I am going to look at another local barn that teaches dressage next week. I'm thinking they might have a different approach that could help me round out my learning. I'll still do lessons on my horse, but supplement with a lesson a week over there, maybe. We'll see what they say.


----------



## PrivatePilot (Dec 7, 2009)

I see the logic now on the small arena thing (they do the same thing at our barn for very beginners, although it's a smaller secondary inside arena), but I must admit, the practice of using another horse and rider as a "roadblock" to get the cantering horse to stop just seems wrong to me. If a horse ever spooked and bolted or a rider lost it that other horse and rider is apt to get mowed down.

You're also way beyond the point of "absolute beginner" as well though (IMHO) based again on the many beginners I've observed over the years - at our lesson barn you would have been moved to the bigger arena with group lessons long ago. 

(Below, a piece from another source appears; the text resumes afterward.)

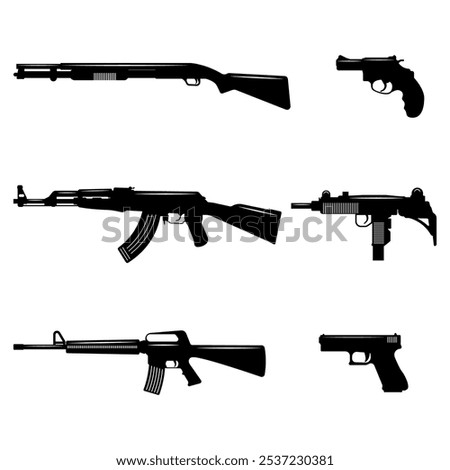 Silhouette black and white illustrations of various firearms including rifles, shotguns, pistols, and submachine guns. For military, law enforcement, tactical, or security-themed projects.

I do see that the mare in question does have some spirit though and there is merit to keeping them in a smaller space to limit their speed IF your barn has no other options horse wise, but perhaps instead of focusing on trying different seats at this point ask your instructor to help you controlling your pace instead - half halts and other cues should get her to canter at a slower pace which you may find easier to ride in many respects. I still think you're going to need more than one lap around in order to work on and achieve that, however - as I mentioned and others also touched on, in a ring that small by the time you get cantering and "together" you're almost finished, and at the pace your mind runs at the beginner level you don't even process things fast enough to really work on them in that short of a period of time.

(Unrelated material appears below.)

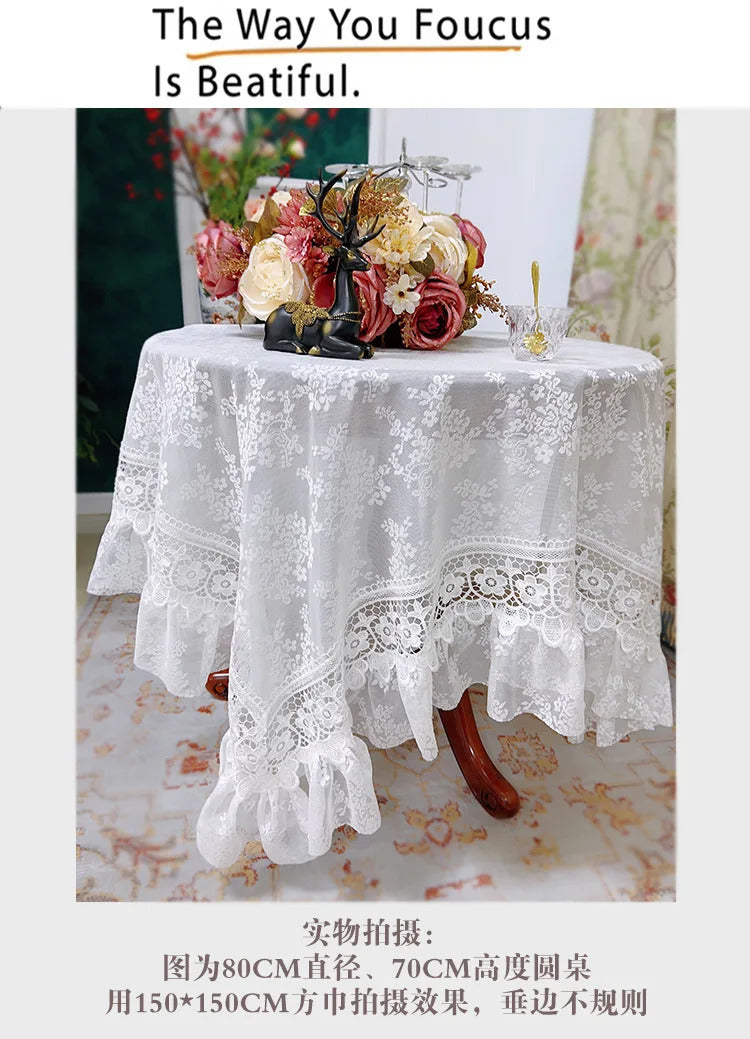 Round White Lace Table Cloth Yarn Dining Table Cover Romantic French Embroidered Tablecloth Tea Table Juppe Wedding Decoration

In aviation, we call it being "behind the plane" - the plane keeps flying but the students mind is still about 15 seconds behind it and sometimes it's hard to keep up in the beginning. I found the same thing happen to me plenty in riding, and heck, now that I'm riding a much more spirited warmblood mare it's happening to me again - it cost me a spill just a few weeks ago for that matter. 

Just my $0.02.


----------



## Allison Finch (Oct 21, 2009)

I would much rather see your horse comfortable on a large lunge line and add you to that. The lunge offers comfort in knowing that the person controlling the lunge has control over the horse. The rider knows that the horse can only get SO stupid, so they can relax a bit. Then, the horse can canter for a longer period of time allowing the rider to learn to relax and work toward moving better with the horse. The problem with how your instructor is doing this is that the horse is free to bolt around the ring with little to control it and you never get the time to settle into the canter. Between the bolting horse and knowing that you won't get time for either you or the horse to settle, the only thing you know is that the canter is short lived.

I would think that this would almost give your tension more practice than your canter work.

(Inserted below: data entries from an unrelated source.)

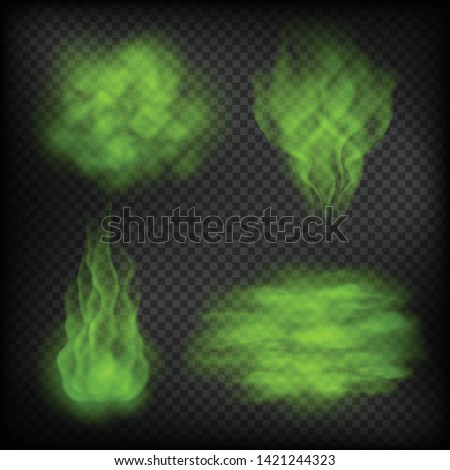 Realistic bad smell or stink cloud, green stench vapour, perspiration or sweating odor, dirty closes smell, toxic, flatulence or fart gases, bad smell visual representation vector illustration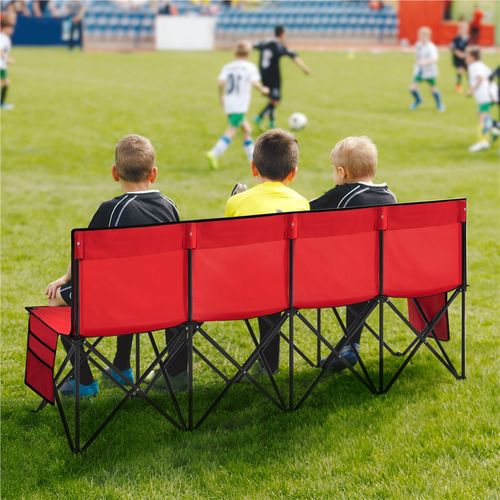 Banc De Camping Pliable 4 Places Avec Haut Dossier, Poches Latéraux Et Sac De Transport, Rouge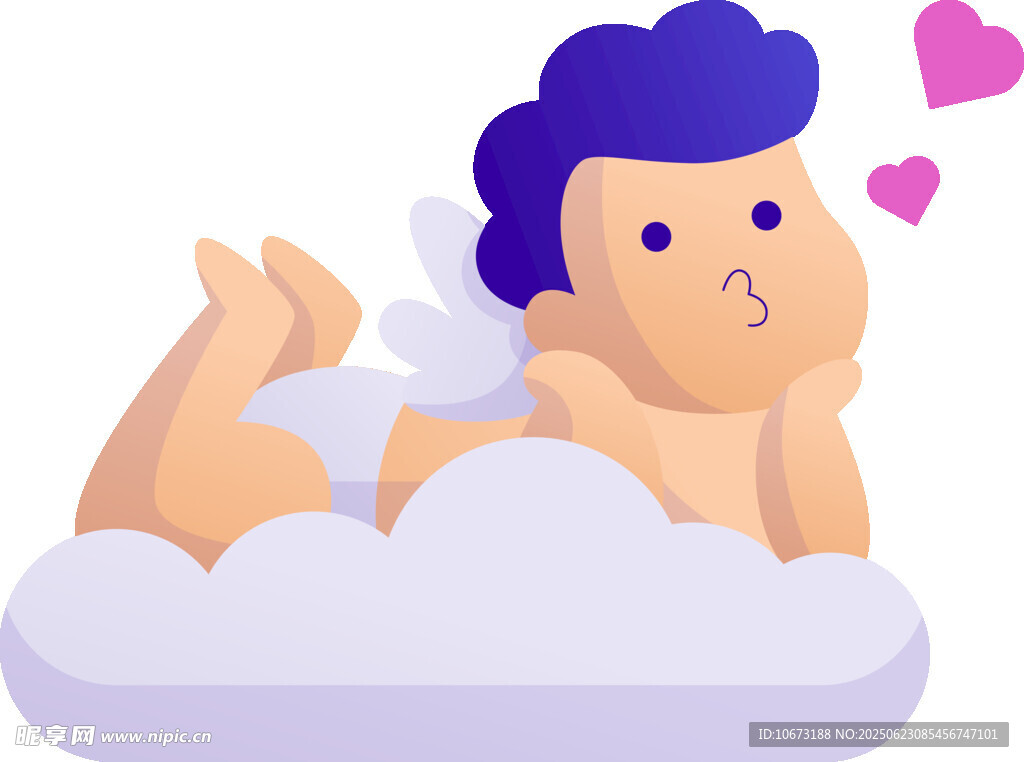 云朵上的可爱小天使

I would put you on a large circle lunge, after the horse was trained enough to know not to bolt around, giving you a nice rolling and balanced canter.

Something like this. I like how this instructor has a neck strap for the rider to hold along with the reins.

https://www.youtube.com/watch?v=H_o8wm7xOHk


----------



## sarahfromsc (Sep 22, 2013)

You don't look bad. At least your tushie isn't doing this:










I feel you will not get comfortable at the canter until you address the counter bending. It looks to me when your mare counter bends, your inside shoulder and probably hip are following her head as she looks outside causing you to feel unbalanced.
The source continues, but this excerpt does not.